The plan, as he envisions it, is to stop to take six samples: Ambient sound, photos of the earth and sky, a panorama of his current location, a minute or so of video, and an interview, all in the same method in each location. He sees it as almost a scientific approach, one that can show the changes and similarities in terrain, but also culture and people. And while these transects will make for good multimedia, Salopek said their real value will be as an archive of what the world looked like from 2013 to 2019.

It's an ambitious, interdisciplinary undertaking, and those of you lucky enough to live on the East Coast might have caught his speech about the project at Harvard on Thursday; if you were busy that night you can also watch the video here. Here are some of the highlights from his speech [transcript, and any resultant errors, mine]:

"The red line is me, and I'm going to walk that journey starting in January. It's a journey that our ancestors made between 50 and 70,000 years ago. It's a journey that many scientists tell us was a formative one for our species, because as we moved along across the surface of the planet, we innovated our way...became a troubleshooting species."

"I will cross about three dozen borders, three continents, scores if not hundreds of languages, depending on the route - scores if not hundreds of ethnic groups, depending on the route. It's a journey of about 30 million footsteps, and a journey of at least seven years of my life."

He also at one point during the talk mentions his wife, which raises a whole host of other questions. Will she be coming along? Will she appear via satellite, a la The Chief in the old Carmen San Diego game? Will they just meet up after he's done? I cannot know enough about the specifics of this project.

"Invariably at this phase, the kids will raise their hands...and say, "But why walk?" That's what everybody gets hooked on. That's the inevitable question. Why not just hail a cab?...There are two main reasons - there are two basic attributes of being human: one is storytelling. And one is doing what I'm doing now, which is walking."

"For 95% of our species' history, we walked on average 3,200-3,500 miles a year...That is like walking from Boston to the West Coast, to Portland, every single year of your adult life. And that is what is normal. That is what we are designed to do - the superb mechanism for walking that we are endowed with through evolution, through adaptation, through natural selection. We are walking machines."

"I'll move up into the Levant and my first year will end either in Oman or in Jerusalem. I'll stop there for a while - recover - write - report - and then move on through the Middle East. How through the Middle East? This line is very vague. It depends on the situation of the day, the borders of the day, the month, how they harden, how they soften up.

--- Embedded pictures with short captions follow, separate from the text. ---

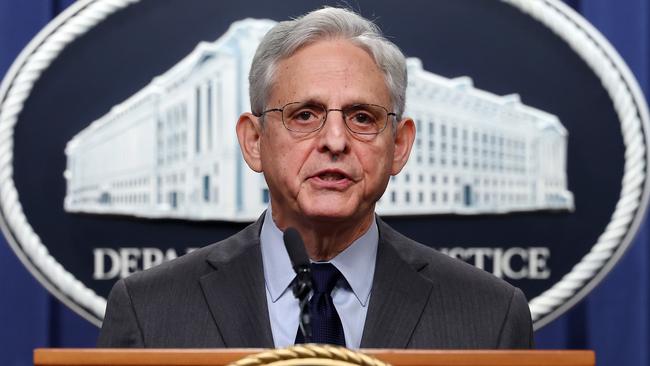 US Attorney-General Merrick Garland announces charges against 13 individuals, including members of the Chinese intelligence and their agents, for alleged efforts to unlawfully exert influence in the US for the benefit of the government of China. Picture: Getty Images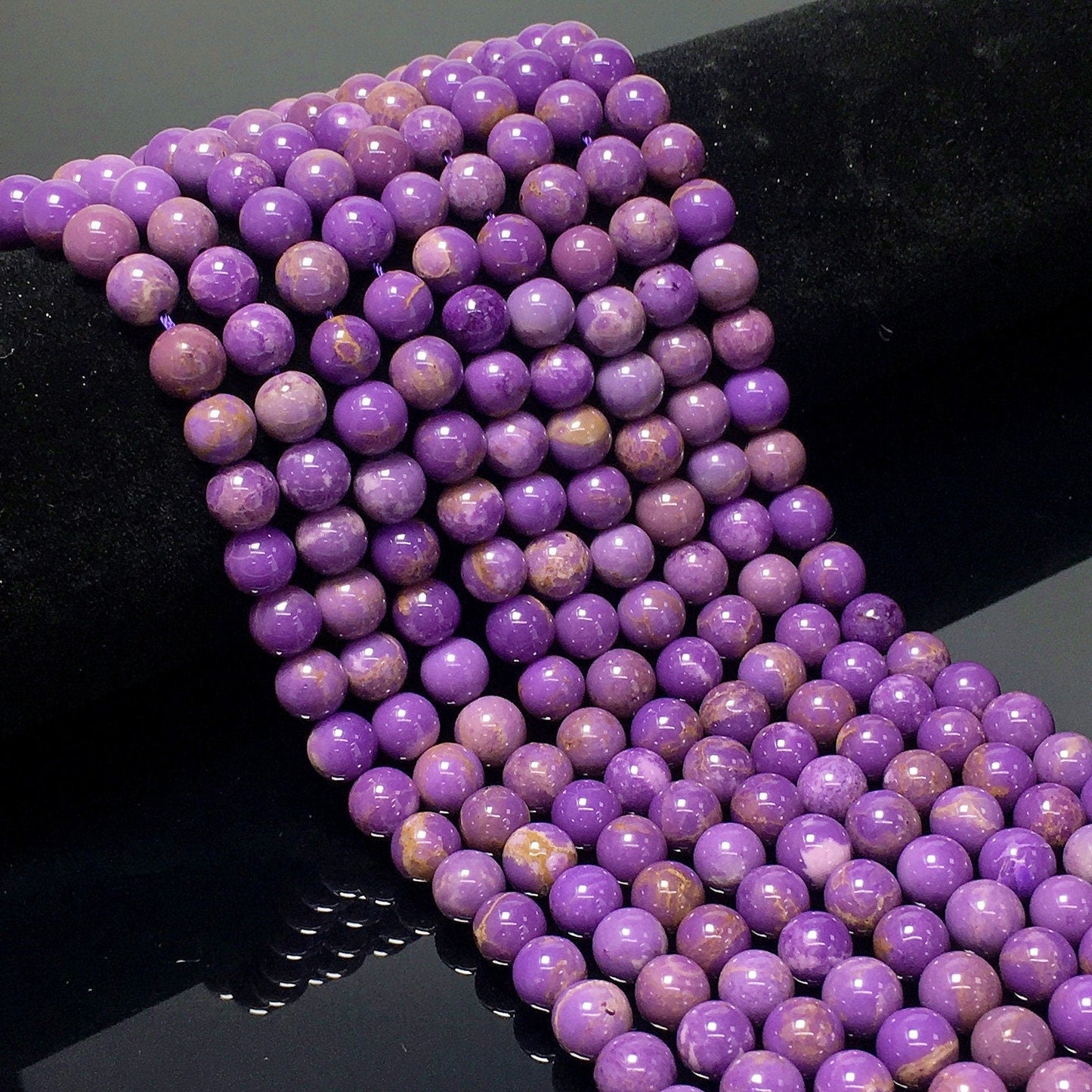 Natural Purple Phosphosiderite Round Smooth Beads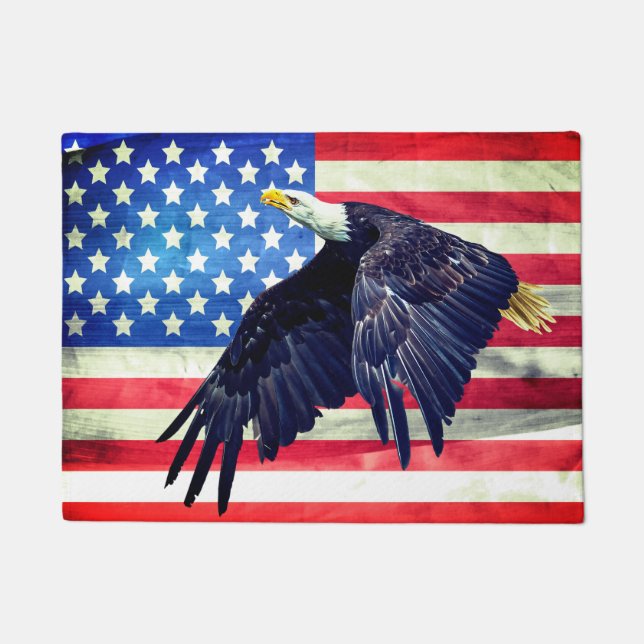 Patriotic Eagle and Flag | USA Doormat (Front)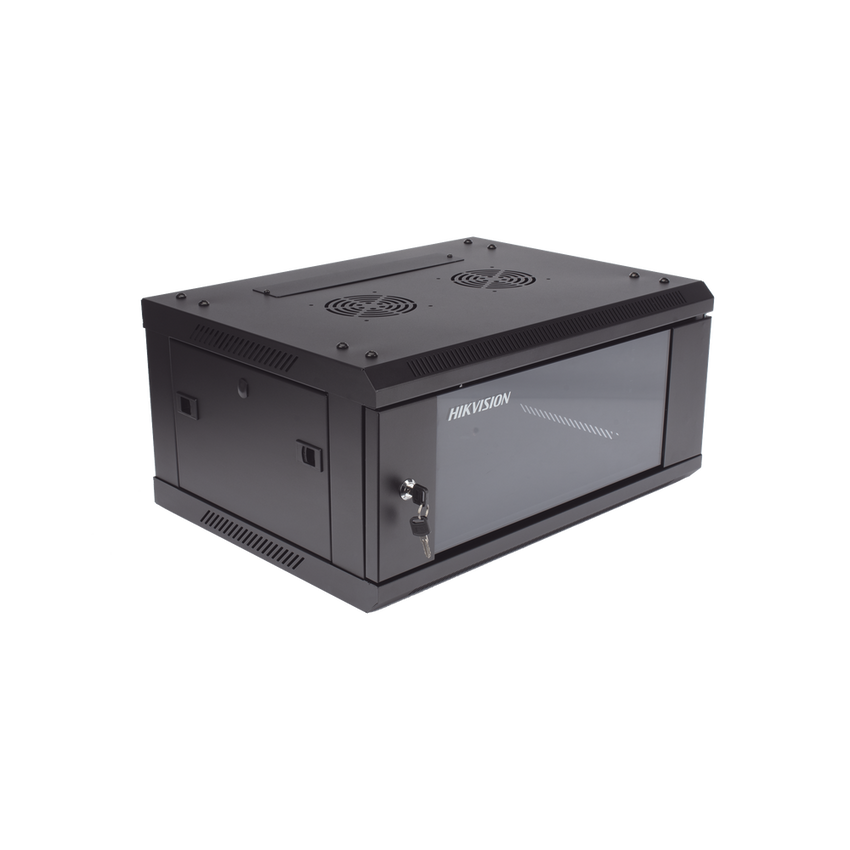 Gabinete para Montaje en Pared - Piso / Puerta de Cristal Templado / Cuerpo Fijo / 4 Unidades de Rack / 19" / Fabricado en Acero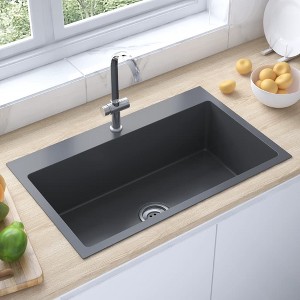 vidaXL Handmade Kitchen Sink Black Stainless Steel - 1 of 4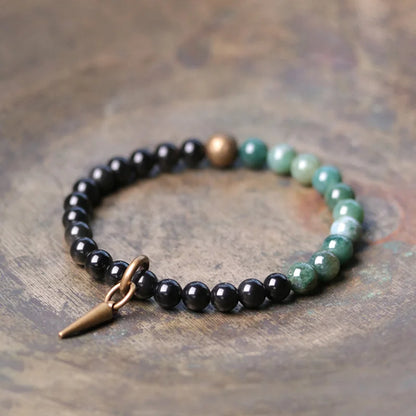 Bracelet Agate et Obsidienne Noire avec Vajra en Cuivre – 4 Pierres au Choix
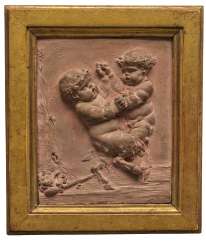 BAS-RELIEF EN TERRE CUITE REPRÉSENTANT DES SATYRES ENFANTS D... BAS-RELIEF EN TERRE CUITE REPRÉSENTANT DES SATYRES ENFANTS D...
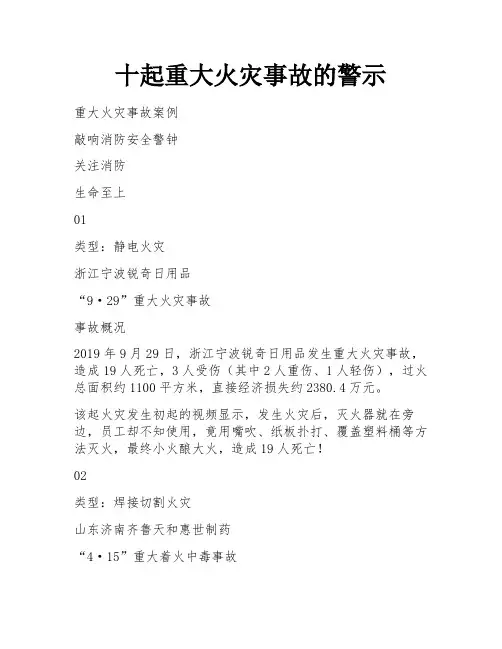 十起重大火灾事故的警示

Move along through central Asia, through the southern foothills of the Himalayas, through northern India, then through Yunan Province, through China - I have calculated that will take as long as 14 months, to get through China alone on foot...I'm going to go up through Siberia as far as I can get until the winters start seriously slowing me down...I will cross the Bering Strait by boat, and then ramble on down the western flank of the New World, all the way to Tierra del Fuego, at the very tip of Latin America, which archaeologists say our ancestors arrived at about 12,000 years ago."

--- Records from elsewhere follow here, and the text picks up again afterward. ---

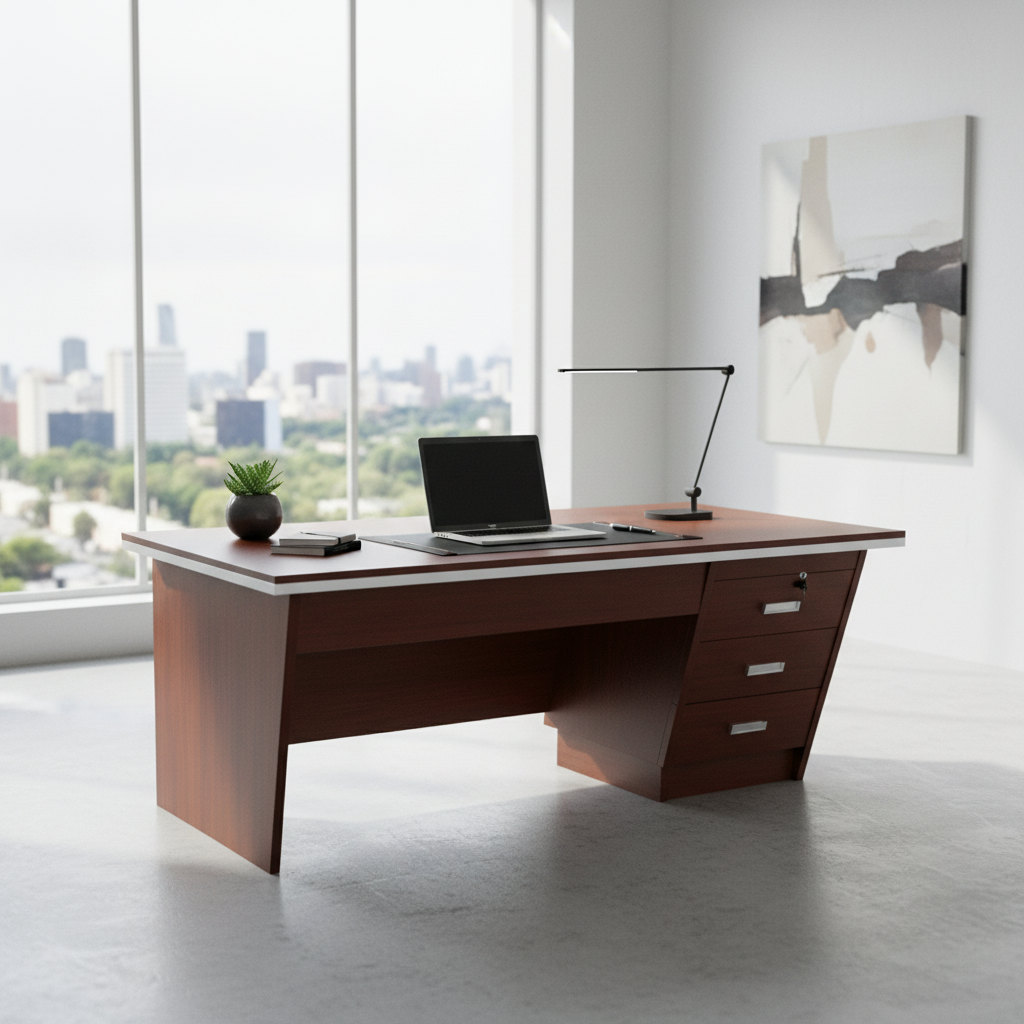 Office Desk 1M Golden Oak (100x60x75cm) | Premium Workspace Furniture UAE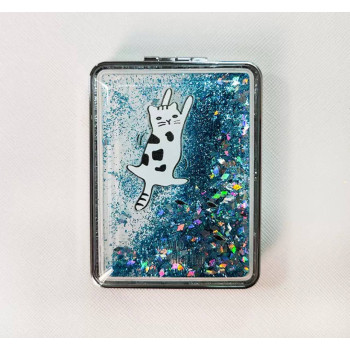 Розкладне люстерко блакитне Котик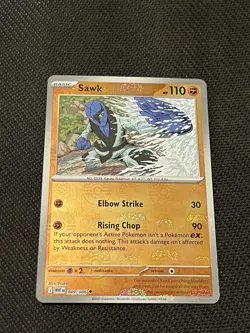 Pokemon TCG White Flare 049/086 Sawk Master Ball Holo Pattern - NM - Image 1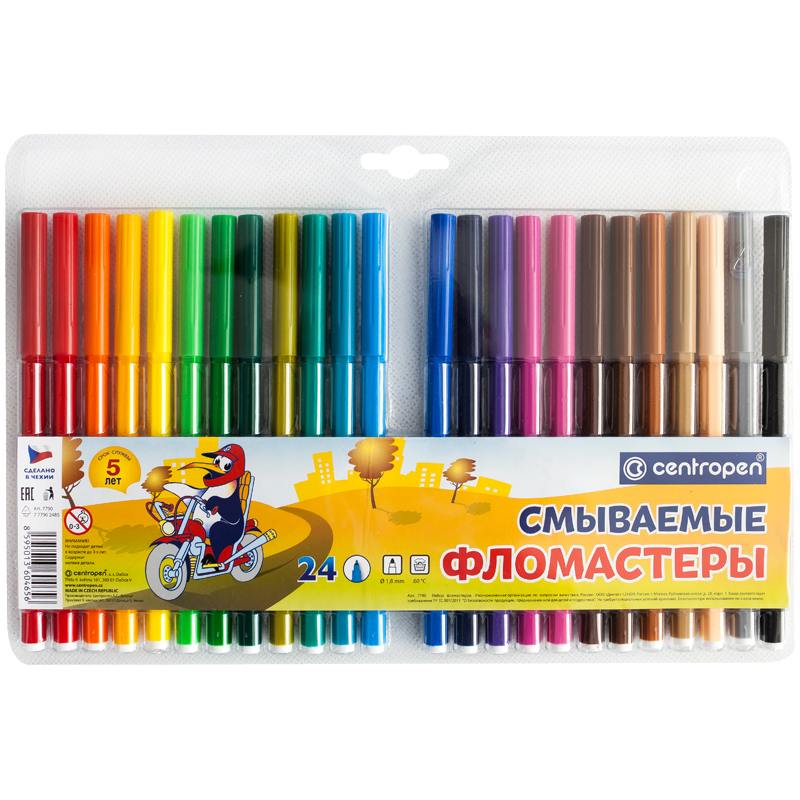 картинка Фломастеры, 24 цв, 24 шт, смываемые, "Washable", CENTROPEN, 7 7790 2485 от магазина Альфанит в Кунгуре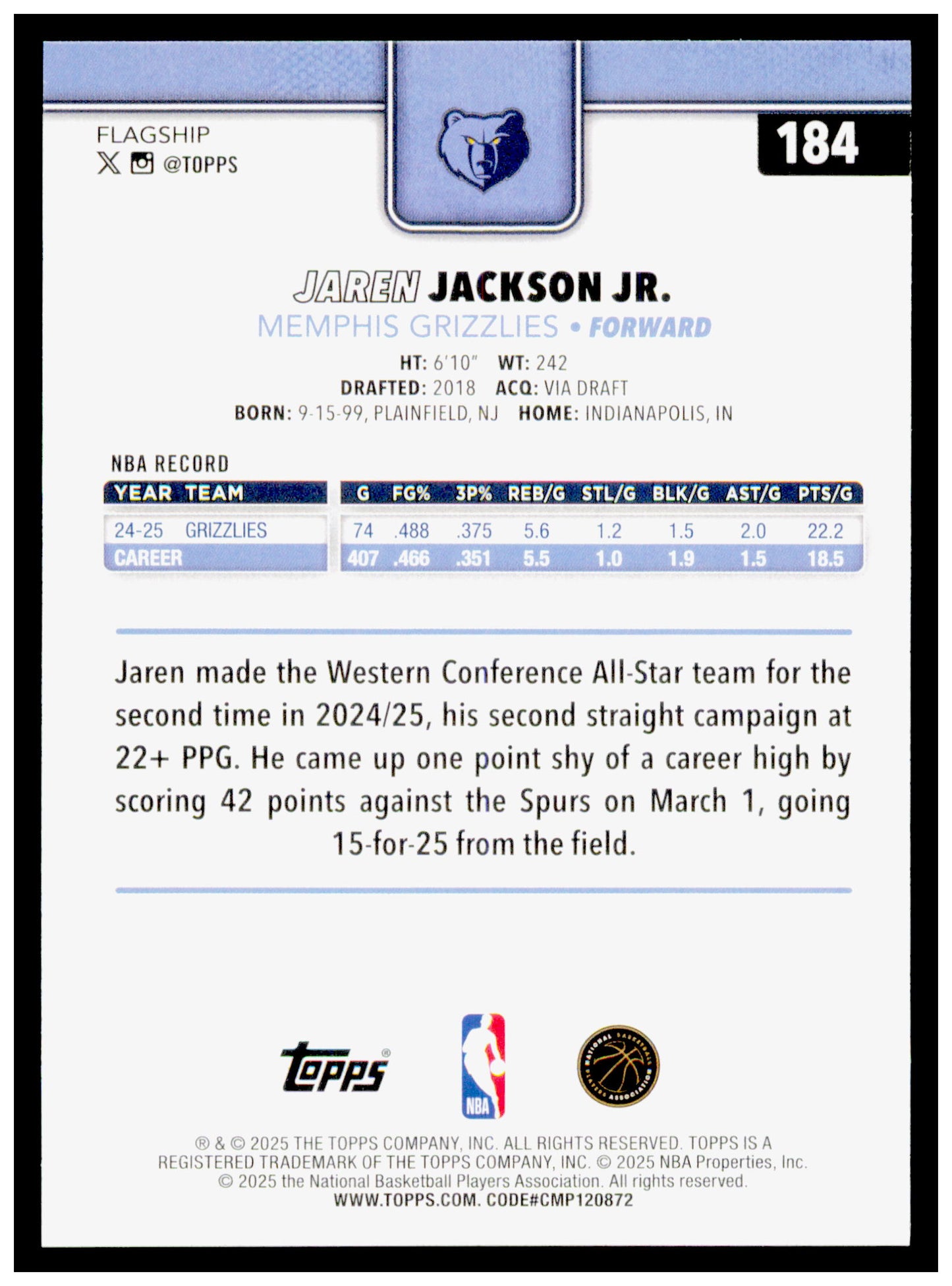 2025-26 Topps Jaren Jackson Jr. Card Memphis Grizzlies #184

Every line of this is indisputably thrilling. Just try saying "Tierra del Fuego" without feeling just a little bit more dashing. Also, as foolhardy as it might seem to try to mosey across various disputed Middle Eastern borders, Salopek at least has experience to guide him; he and his interpreter were charged with spying and imprisoned for a month in Sudan back in 2006.

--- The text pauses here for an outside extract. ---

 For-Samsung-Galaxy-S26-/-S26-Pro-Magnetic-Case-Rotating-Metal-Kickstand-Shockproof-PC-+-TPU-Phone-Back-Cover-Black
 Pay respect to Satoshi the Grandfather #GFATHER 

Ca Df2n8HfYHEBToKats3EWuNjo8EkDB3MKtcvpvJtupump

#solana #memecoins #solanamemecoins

"I'll be writing environmental stories...I'll be talking about economic stories...stories about human displacement, refugee movements...and stories about some of the causes of this displacement...Stories about my business, the media. Who gets to tell stories in the age of the web, which has democratized information?...It's also a walk into the anthropocene. It's not just a walk into the past; it's a walk into the future."

More to come - seven years more to come.